Docento.app Logo
Docento.app
All Posts

PDF/A Explained: The Archival Format for Long-Term Storage

April 14, 2026·6 min read

Most PDFs you create are designed to be useful next week. PDF/A is for documents that need to be useful in 50 years. The "A" stands for archival, and the format is the difference between a tax record that opens cleanly in 2076 and one that needs forensic recovery to even render.

What problem PDF/A solves

A regular PDF can:

  • Reference external fonts that may not exist on a future system.
  • Embed videos in formats that future readers can't play.
  • Run JavaScript whose runtime is long gone.
  • Use compression algorithms that have been deprecated.
  • Link to online resources that have moved or vanished.

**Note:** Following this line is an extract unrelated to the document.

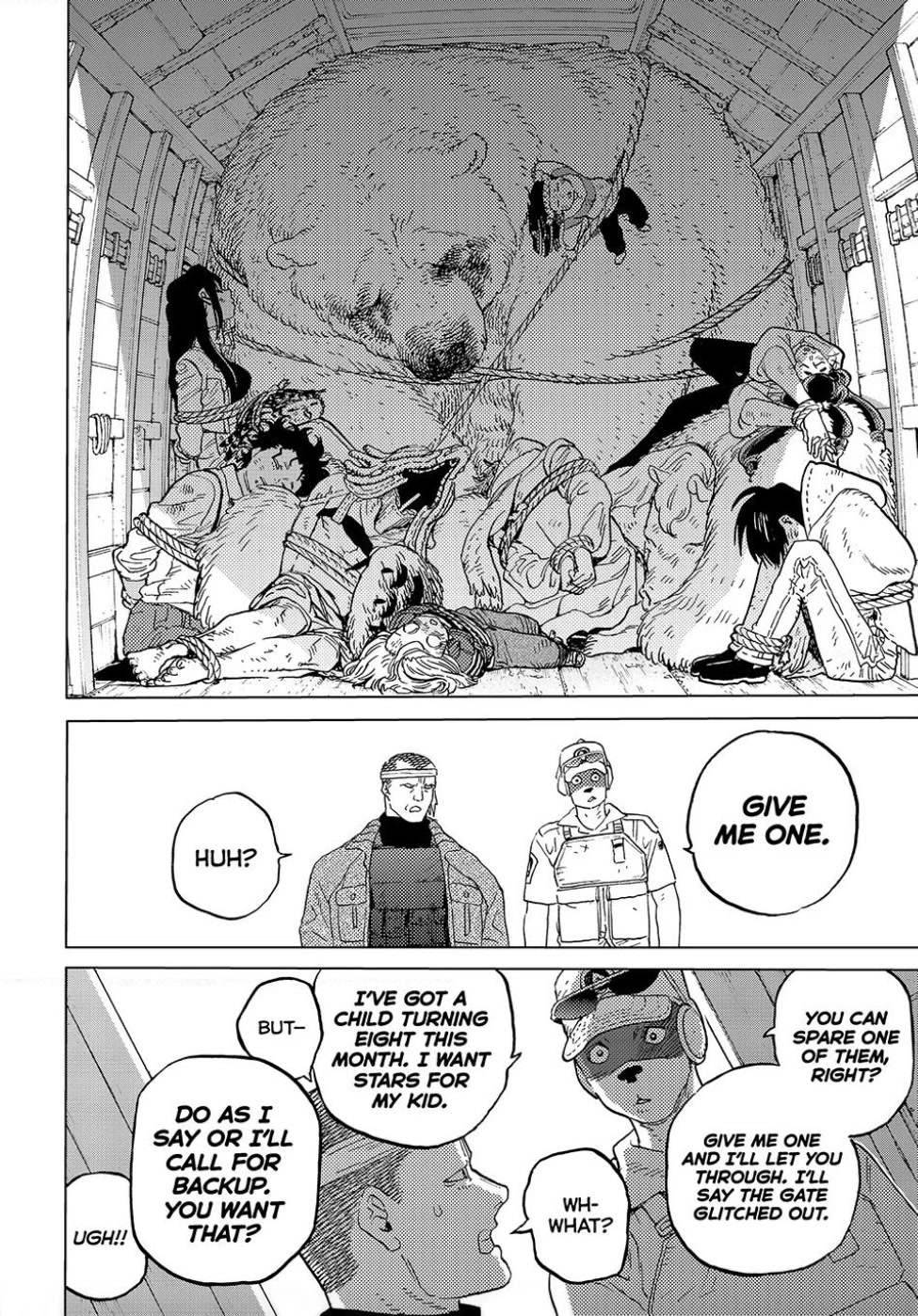 To You, The Immortal Chapter 174 page 18 - Chapter 174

Each of these is fine for a document you'll read this year. None of them are fine for a document you need to read 30 years from now.

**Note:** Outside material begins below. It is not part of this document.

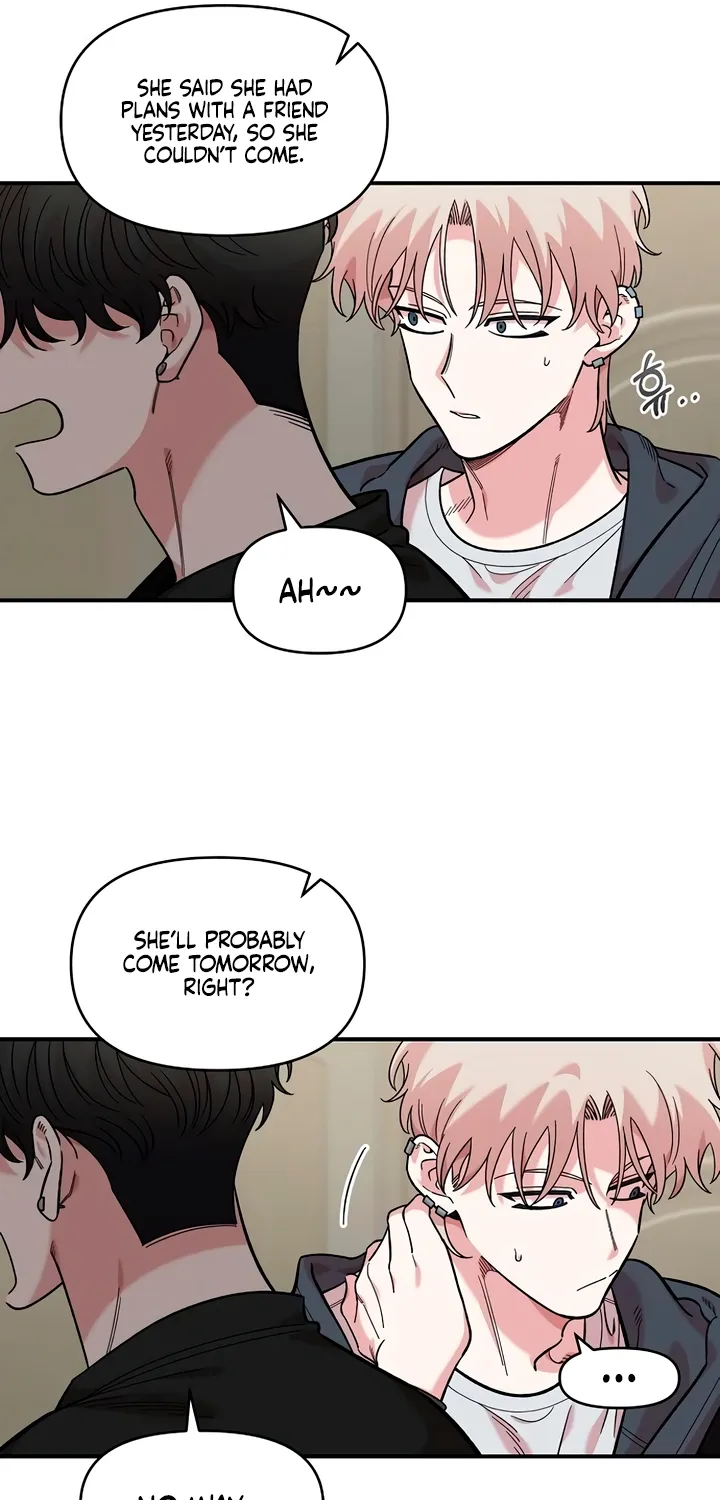 Read Childhood Friend Complex Eunhi EN Manga Online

PDF/A locks down everything that depends on the world outside the file. The result: a self-contained, deterministic document that should render identically forever.

The PDF/A rules

A PDF/A file must:

  • Embed all fonts the document uses. No font lookups on render.
  • Avoid JavaScript entirely.
  • Avoid encryption. Archives need to be readable; encryption keys may be lost over decades.
  • Avoid external references. Hyperlinks to files or URLs are allowed but external content cannot be required.
  • Avoid audio and video. Media formats become unsupported.
  • Use device-independent colour. ICC profiles, not raw RGB.
  • Include accessibility tags (in PDF/A-1a and stricter versions).
  • Include metadata in XMP format for discoverability.

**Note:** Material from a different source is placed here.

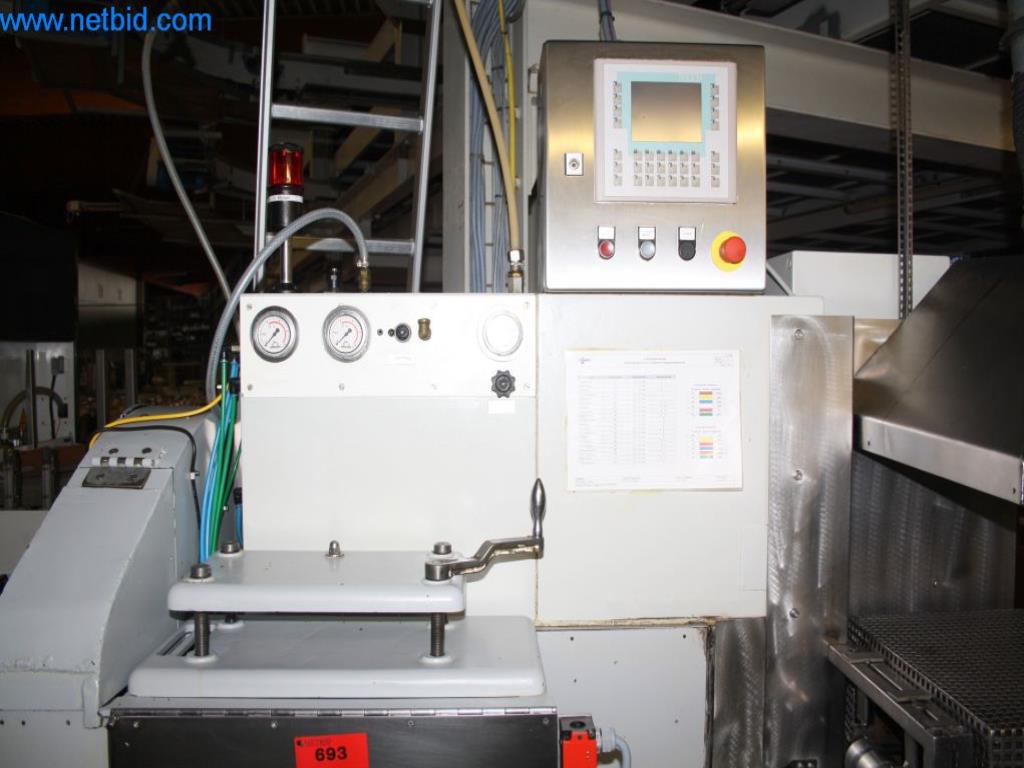 Panadería Kronenbrot - maquinaria, instalaciones y material-4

The result is a slightly larger but fully self-contained file.

The PDF/A flavours

PDF/A has multiple "conformance levels," and they're confusing. Here's the practical map:

  • PDF/A-1a: strictest. Embedded fonts, accessibility tags, structured content. Right choice for documents that need both archival and accessibility (most public-sector requirements).
  • PDF/A-1b: less strict. Embedded fonts, no accessibility requirement. Right choice when the source isn't tagged but you still want archival fidelity.
  • PDF/A-2: extends PDF/A-1 with JPEG2000 image support, transparency, layers.
  • PDF/A-3: PDF/A-2 plus the ability to embed any file as an attachment. Used for invoices that bundle a machine-readable XML.
  • PDF/A-4: published 2020, simplifies the conformance levels and keeps PDF/A in sync with PDF 2.0.

For most users: PDF/A-2b or PDF/A-2u is a sensible default. PDF/A-1a is required for legal/government compliance.

When to use PDF/A

Required:

  • Legal records in many jurisdictions.
  • Tax filings (some authorities require PDF/A specifically).
  • Government correspondence archives.
  • Court submissions in some regions.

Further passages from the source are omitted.